First, the formation of the iminium salt followed by addition reactions using the amino silyl enol ether 5 was examined to find the best reaction conditions involving the oxidation reagent and a Lewis acid. Table 3 summarizes the results. Iodosylbenzene did not effect the oxidation, while the use of BPO,^4a NCS, and DBDMH gave the desired product in low yields (entries 1 to 4). DDQ^4b,8 which was used for the oxidation of the amino ketene silyl acetal 1 effected the reaction to give the addition product 8a in 24% yield (entry 5). Among the oxidation reagents examined here the use of NBS recorded the best result (entry 6).^4f We next examined the use of a Lewis acid for the present transformation. Et₂AlCl was not effective, while an increased amount of the addition product was obtained in the presence of TiCl₄ (entries 7 and 8). A better result was obtained when the reaction was carried out with NBS in the presence of BF₃·Et₂O, and the addition product was obtained in 74% yield (entry 9). The amounts of ketene silyl acetal and BF₃·Et₂O were further examined. The use of the reduced amounts of the ketene silyl acetal (1.5 equiv.) and BF₃·Et₂O (1.2 equiv.) gave a slightly better result (entry 10). Regarding the reaction temperature, the reaction at a higher temperature gave a reduced amount of the desired product (entry 13). The best result was obtained when the reaction was carried out with the ketene silyl acetal (1.5 equiv.) and BF₃·Et₂O (2.0 equiv.) at rt, and the addition product 8a was obtained in 80% yield (entry 15).
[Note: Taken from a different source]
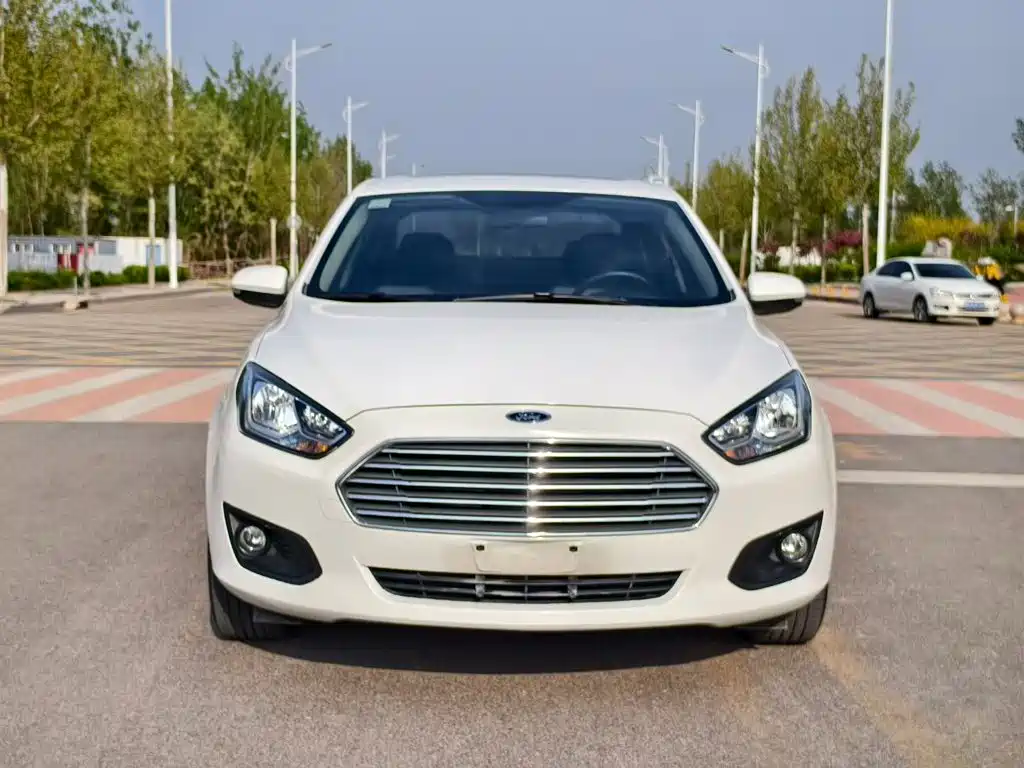 Ford Escort — миниатюра 3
Under the optimized conditions, various ketene silyl acetals were subjected to this addition reaction, and Table 4 summarizes the results.

Table 3 Examination of the reaction conditions

Entry	Oxidant	Nu (equiv.)	Lewis acid (equiv.)	Temp	Yield^a (%)
a Isolated yield.
1	PhIO	2.0	—	rt	0
2	BPO	2.0	—	rt	7
3	NCS	2.0	—	rt	2
4	DBDMH	2.0	—	rt	10
5	DDQ	2.0	—	rt	24
6	NBS	2.0	—	rt	27
7	NBS	2.0	Et2AlCl (2.0)	rt	10
8	NBS	2.0	TiCl4 (2.0)	rt	48
9	NBS	2.0	BF3·Et2O (2.0)	rt	74
10	NBS	1.5	BF3·Et2O (1.2)	rt	76
11	NBS	1.5	BF3·Et2O (1.5)	rt	69
12	NBS	1.2	BF3·Et2O (2.0)	rt	53
13	NBS	1.5	BF3·Et2O (2.0)	50 °C	40
14	NBS	1.5	BF3·Et2O (2.0)	0 °C to rt	77
15	NBS	1.5	BF3·Et2O (2.0)	rt	80

---

Table 4 Reaction with various ketene silyl(thio) acetas

Entry	R^1	R^2	Product	Yield^a (%)
a Isolated yields.
1	Me	OMe	8a	80
2	Me	OEt	8b	82
3	Me	OiPr	8c	73
4	Me	OtBu	8d	57
5	MeO	OMe	8e	73
6	EtO	OEt	8f	70
7	H	StBu	8g	63

---

As shown in Table 4, tetra-substituted ketene silyl acetals underwent addition reaction readily to give the adducts in good yields. Regarding the ester alkoxy part, methyl and ethyl esters were obtained in good yields (entries 1 and 2), whereas a bulky ^tbutyl derivative recorded a decreased yield of the product (entry 4). Di-substituted thioester also participated in the present addition to give the adduct in moderate yield (entry 7). We next examined the use of indole derivatives as nucleophiles, since indole skeletons are often found in many biologically active compounds such as tryptophan, indomethacin, and dragmacidin derivatives, and several methodologies have been reported to functionalize indoles.⁹ Table 5 summarizes the results.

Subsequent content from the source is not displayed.